Os tesoureiros apresentam-se como dois seres

com uma única forma, representando a verdade oculta

de que, no mundo da manifestação, toda unidade

apresenta-se de forma dual. Cada ser de luz é completo

trazendo em si os dois aspectos da totalidade,

masculino e feminino, força e forma. Os dois

tesoureiros também representam o Mestre instrutor,

que até então havia guiado ocultamente o jovem

nobre, e o Grande Hierofante que concede a Iniciação,

ou seja, a Veste de Luz que simboliza a iluminação

suprema.

Os fiéis depositários dos tesouros do Rei

finalmente entregam a recompensa prometida ao

herói, a veste gloriosa. A veste cravejada de jóias, os

tesouros espirituais, tem estampada a Imagem do Rei

dos Reis, ou seja, é uma expressão do Supremo. Ele,

então, percebe que 'movimentos de gnosis abundavam

em toda a extensão (da veste) que estava se

preparando como que para falar.' A consciência da

unidade faz com que a gnosis suprema seja concedida,

desvelando a verdade sobre todas as coisas

diretamente à mente.

Pelas palavras da veste fica claro que o

conquistador recebeu a iniciação final que o torna um

super-homem, um Mestre de Compaixão e Sabedoria.

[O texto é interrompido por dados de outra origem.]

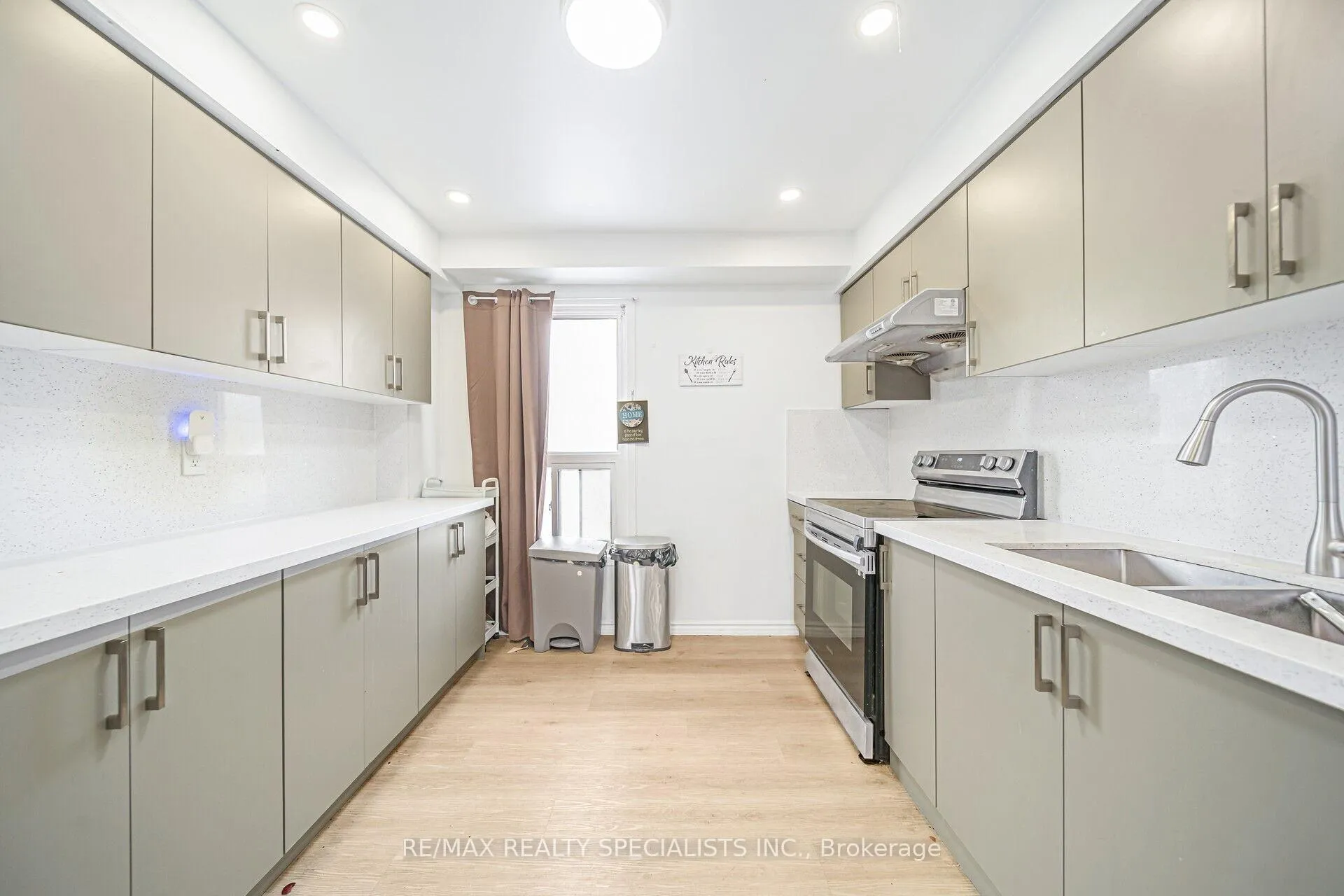 Photo 8 of 66 Enmount Drive, Brampton, Southgate — HOMEH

Isso é confirmado pelo Nobre que diz: 'E percebi em

mim como minha estatura aumentava com sua

atividade.'

O próximo passo é a cerimônia de posse da

veste, que simboliza o grande esplendor que deve ser a

cerimônia de iniciação de um Mestre. A beleza colorida

da veste e o manto de cores resplandecentes

expressam o fato de que ao tornar-se Uno com o Todo,

o Adepto tem a seu alcance os poderes dos sete raios,

simbolizados pela profusão de cores. Finalmente o

vencedor coloca a veste de luz e o manto de poder,

ascende ao 'Portal das Boas Vindas e da Reverência',

onde inclina-se e presta homenagem à glória do Pai.

Esse o recebe com alegria, da mesma forma como o Pai

agiu na parábola do filho pródigo, e todos os súditos do

Reino participam das comemorações, pois mais um

Filho de Deus, ou um raio do Sol Espiritual, retornou à

fonte depois de cumprida sua missão.